This is the home page for our DSC 180 Capstone project. See our github repo here. See our project report here.

By Priyanka Nagasamudra, Luke Lloyd

Abstract

Unsupervised domain adaptation is an important problem in machine learning. Machine learning models trained on a certain dataset often are tested on datasets that are drawn from a different distribution. The aim of our work is to find methods to provide the same performance of the machine learning model on a test distribution as the train distribution. We propose using optimal transport to achieve this and demonstrate results on a model used to asses poverty in Africa.

Dataset

x values
- 8 channel satellite images
  - RGB, Near Infrared, Infrared, Temperature, Nightlight
- urban vs. rural
  - very predictive, so we split between urban and rural in preprocessing step
y values
- Asset index
Domain information
- country

Preprocessing

For all domains and models
- split the data into “Urban” and “Rural”
- image channels already normalized by wilds
For target domain
- derived classification cutoff values for urban and rural separately
- split into 3 classes, each with equal amount of data

ML Model

We used a convolutional neural network for this classification task. It seemed like an obvious choice as CNNs have led in the field of computer vision for around a decade now. We experiemented with other methods, but weren’t able to get them into a usable state. The architecture we used was completely custom, and can been seen below.

Training

To train our model, we first gathered all images from one country (domain). Next, we preprocessed this data, splitting it into images of rural areas and images of urban areas. Finally we trained two convolutional nets to classify the areas captures in these images into three relative wealth categories. Train

Testing

To test if optimal transport was an effective method for unsupervised domain adaptation for this task, we first gathered data from a selected source country (source domain). We then used the sinkhorn algorithm to transport the color distributions of these images to fit the distribution of the target county (target domain). Finally, we evaluated our convolutional nets on both the transported and untransported images. The results can be seen in the image below. Testing

Optimal Transport

Mathematical definitions can be found on our paper. In essence, this is how optimal transport works. These images were taken from the Python Optimal Transport documentation website.

On our data

Unlike the example above, we had multiple images per domain. In order to fit the transformation, we sampled points from all images in our source and target domains.

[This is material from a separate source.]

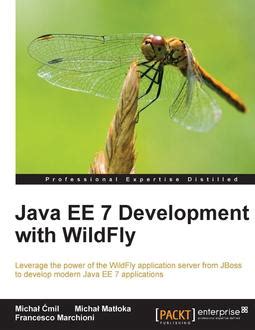 Java EE 7 Download 的图像结果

Why did the model perform worse with OT?

Color Changes
- As seen in the RBG representations above, OT made a lot of the desert area greener to match the color distribution of Nigeria. However, the CNN likely associated a green with wealth, which led to an incorrect prediction.
Artifacts
- Due to the low resolution nightlights channel, OT brings low resolution artifacts into other channels (as seen in SWIR1 above) and brings high resolution artifacts to the nightlights channel. This potentially creates issues for the convolutions in the CNN as there is a change in textures/ distribution of colors.

Future Work

Due to the unexpectedly high performance of the CNN on this classification task, we think it would be feasible to tackle this as a regression problem.

We believe we can fix many of the issues we ran into with OT. In order to avoid artifacts, we would exclude the nightlights channel from OT. It doesn’t really make sense to include it in the first place as it is measuring the amount of light from a wide area and as a measure, it is already domain independent. Another improvement we could make is increasing the pixel samples from each domain that OT was fitted on. This would significantly increase computation times however.